3 Reasons Why Imbalance Zones Are Highly Reliable in Trading
- Revealing Market Sentiment: When price moves fast without hesitation, that usually means either buyers or sellers didn’t show up to defend that level. That’s imbalance and it gives you a window into who’s not participating, which reveals market sentiment.
- Big Players’ Footprints: Institutions don’t enter quietly. When they place large orders, they often leave behind sharp moves and unfilled areas—what we call imbalance zones. These are the "footprints" you can track to follow their activity.
- Aligned with Market Theory: According to common market theories, price tends to revisit areas where a lot of trading interest showed up before. Imbalance zones often highlight these areas—making them great spots to watch for future reactions.
5 Common Ways to Spot Imbalance Zones
- Using Footprint Charts: These special charts show who is in control: buyers or sellers. When you see lots of buying with little to NO selling response, or the opposite, it shows a clear imbalance.
- Using Volume Profile: If you see a price area with very low volume, but price passed through it very fast, it means there was little interest from the opposite side, which is a past imbalance.

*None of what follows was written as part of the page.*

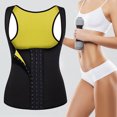thumbnail image 3 of Chaleco Moldeador para Mujer con Soporte de Pecho y Cierre de Ganchos, Hecho de Neopreno para Ajuste Óptimo y Reducción de Abdomen, Talla M, Ideal para Uso Diario o Entrenamiento., 3 of 6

- Reading Price Action: When price moves very fast in one direction without pullbacks or hesitation, that usually means the other side wasn’t strong enough to stop it, indicating an imbalance. Price may return to that zone later to "fill the gap" or balance out.
- Watching the Order Book (DOM): If one side (buyers or sellers) suddenly places many orders or pulls their orders away, that shift can signal an upcoming imbalance.
- Tracking Market Orders: If many people are aggressively buying, and price keeps going up with no pushback from sellers, that’s a sign of a buying imbalance.
2 Indicators That Make Imbalance Zones Easy to Trade
Rather than manually scanning every chart and candle, you can use indicators designed to detect these zones in real time. At ninZa.co, we’ve developed 2 indicators that do exactly that, each based on a different approach to imbalance detection.
Imbalance Volume Sensor
(Built on Footprint Logic)
Imbalance Volume Sensor uses advanced order flow analysis to detect true imbalance zones, which are areas where one side of the market is entirely absent. It goes deep into tick-level data to reveal where either buying or selling pressure completely disappears.
The indicator identifies 2 key types of zones:
- Overall Imbalance Zones, where a dominant buy or sell imbalance exists across multiple candles.
- Absolute Imbalance Zones, where the absence of one side reaches an extreme level, helping you fine-tune entries or scale larger positions with greater precision.

Imbalance Profile Lidar
(Built on Price Action Principles)
Imbalance Profile Lidar automatically detects volume concentration zones using price action and imbalance phases. No manual drawing required. It identifies key value areas, POC zones, and imbalance signals to reveal where buying or selling pressure dominates.
By combining price action with volume profile logic, it helps you:
- Spot imbalance zones that often precede sharp price moves
- Understand who’s in control, buyers or sellers, within specific price ranges
- Receive trading signals based on volume concentration and price behavior.

Both indicators aim to do the same thing: Help you detect imbalance zones that carry weight. The difference lies in the lens you prefer: volume-based insight or price-based clarity.
Whatever your trading style, learning to work with imbalance zones can give you an edge, not by predicting the future, but by understanding the footprints of intent that the market leaves behind.